17.6.05




De Repente, um Repente

Este caso aconteceu há mais ou menos uns três anos, quando nossa banda, The Dish Washers, conseguia esporadicamente tocar nos bares da cidade em troca de um couver artístico mirrado.
Naquela vez, havíamos tocado a noite toda, e acabamos de executar a última canção; Eleanor Rigby dos Beatles, cujo refrão no inglês sofrível do vocal Ronaldo tornou-se um: Ahhhh Lucaronli lonli pipou.
As perspectivas de sairmos daquela casa noturna com alguma companhia feminina, parecia cada vez mais remota. Nossa cota de cerveja já tinha estourado, e nada mais restava, a não ser nos sentarmos numa das muitas mesas desocupadas, e pedir a derradeira ``saídera``, antes de guardar nossos instrumentos.
Foi então, que Sérginho, tecladista da banda, começou a rascunhar algo num guardanapo... Escrevia e ria sozinho, nos deixando cada vez mais intrigados:

- Ô Serginho, o quê tu tá escrevendo aí ?

- Acabo de escrever uma musiquinha. Vamos pro palco tocar?

- Epa...Peraí... Sem ensaio, nem nada?

- Ah não precisa. É só vocês me seguirem. Sempre do mesmo jeito. O ritmo é como o do baião nordestino.

- Quê?? Tu enlouqueceu Serginho? Baião não é a nossa praia, o público vai nos matar.
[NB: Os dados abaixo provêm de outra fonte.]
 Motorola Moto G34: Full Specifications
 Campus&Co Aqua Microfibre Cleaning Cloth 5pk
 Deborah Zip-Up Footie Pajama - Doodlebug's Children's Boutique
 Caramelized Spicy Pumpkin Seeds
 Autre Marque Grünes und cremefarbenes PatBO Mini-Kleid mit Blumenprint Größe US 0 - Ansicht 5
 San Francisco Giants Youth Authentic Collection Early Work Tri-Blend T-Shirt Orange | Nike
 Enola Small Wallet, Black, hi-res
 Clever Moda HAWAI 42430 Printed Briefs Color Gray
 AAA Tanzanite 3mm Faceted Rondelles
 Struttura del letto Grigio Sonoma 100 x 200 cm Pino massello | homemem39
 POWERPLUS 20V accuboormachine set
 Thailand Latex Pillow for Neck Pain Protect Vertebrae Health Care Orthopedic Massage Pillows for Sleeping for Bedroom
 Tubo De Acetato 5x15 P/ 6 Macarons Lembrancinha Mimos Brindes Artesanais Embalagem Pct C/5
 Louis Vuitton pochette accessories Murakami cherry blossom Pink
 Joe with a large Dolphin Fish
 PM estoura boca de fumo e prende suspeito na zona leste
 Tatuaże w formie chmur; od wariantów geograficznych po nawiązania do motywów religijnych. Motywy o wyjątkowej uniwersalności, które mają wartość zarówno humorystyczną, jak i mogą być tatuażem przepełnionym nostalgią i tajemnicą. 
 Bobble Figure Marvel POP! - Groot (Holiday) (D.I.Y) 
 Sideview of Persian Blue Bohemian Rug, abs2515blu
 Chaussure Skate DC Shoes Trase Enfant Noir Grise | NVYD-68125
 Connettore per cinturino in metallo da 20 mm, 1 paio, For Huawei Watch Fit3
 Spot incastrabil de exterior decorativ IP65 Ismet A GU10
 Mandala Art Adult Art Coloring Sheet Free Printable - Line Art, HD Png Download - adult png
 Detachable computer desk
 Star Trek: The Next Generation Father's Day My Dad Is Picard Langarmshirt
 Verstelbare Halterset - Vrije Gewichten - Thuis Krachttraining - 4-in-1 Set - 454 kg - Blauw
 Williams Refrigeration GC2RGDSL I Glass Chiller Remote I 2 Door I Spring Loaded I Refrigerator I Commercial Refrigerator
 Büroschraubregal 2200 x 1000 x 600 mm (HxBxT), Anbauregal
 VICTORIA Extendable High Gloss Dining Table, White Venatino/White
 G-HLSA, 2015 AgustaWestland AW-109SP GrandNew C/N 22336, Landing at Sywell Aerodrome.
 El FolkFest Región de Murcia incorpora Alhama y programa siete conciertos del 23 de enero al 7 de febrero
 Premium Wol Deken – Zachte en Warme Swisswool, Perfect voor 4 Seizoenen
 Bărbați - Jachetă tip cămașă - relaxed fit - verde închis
- É só um experimento. E além do mais, o pessoal que ainda está aqui no bar, ainda não saiu por que não conseguiu se levantar. Vamos?

E lá fomos nós, sem nem ao menos ler a letra. O Sérginho parou de frente para o teclado, fez uns ajustes e começou a tocar um baião. Seguimos na medida do possível, enquanto a platéia ia aos poucos silenciando incrédula. Então Sérginho começou a cantar com uma voz desafinada e anasalada:

Meu Deus do céu, eu não sei como é que pode
tê tanta muié que fode, tê tanta muié que fode...

Meu Deus do céu, eu não sei como é que pode
tê tanta muié que fode, tê tanta muié que fode...

Como é pode, tê tantas que tão a fim,
Ma nenhuma da pra mim, ma nenhuma da pra mim.

Meu Deus do céu eu não sei como é que pode
Te tanta muié que fode ma nenhuma da pra mim.

Meu Deus do céu, se vier eu não me mixo
tem muié que faz com bicho.
tem muié que faz ca mão.

Eu não entendo, tem quem faz com objetos
Tem quem faz com o mesmo sexo
Comigo ninguém faz não...
nhão nhão nhão


Quando aquilo que ele chamava de música acabou, a platéia compacta nos observava como um bando de canibais em volta de uma expedição jesuíta. Eu me preparava para desviar da primeira garrafada que viesse em minha direção, quando as palmas das mãos de alguém soaram naquele imenso e aterrador silêncio.
E então, iniciaram-se os aplausos, primeiramente tímidos para depois virarem uma verdadeira ovação. Aplausos, aplausos, e pedidos de mais um, mais um. Extasiados por aquele sucesso inebriante, resolvemos repetir a canção já que não havia tempo de se compor nada diferente. Naquela noite, executamos a mesma canção mais umas cinco vezes.
No dia seguinte, choviam convites para tocarmos nos bares da cidade. Gravamos o repente num pequeno estúdio em um single promocional, e distribuímos em algumas rádios. Um comunicador de uma emissora fm, entediado com a vida, simpatizou com a música e a executou num sábado à noite. Pouco depois, em qualquer estação de rádio que se ligasse, lá estava aquela pavorosa música tocando sem parar.
E a situação assim perdurou por mais umas duas semanas. Quando começaram a aparecer convites para tocarmos fora do estado, os The Dish Washers subitamente se desfizeram... Os motivos foram muitos, mas talvez nenhum deles bom o suficiente. Eu, por não aguentar mais tocar a mesma canção de sempre e outra vez novamente. O Ronaldo trocou de guitarra, e com a grana extra, montou sua tão sonhada banda de metal ópera. O Sérginho frustrado por não conseguir compor um novo hit, entrou em profunda depressão, e hoje fica horas trancado no quarto fazendo variações daquela mesma maldita canção. E Gustavo, o baterista, aceitou a situação pois afinal de contas, ele não tinha talento algum.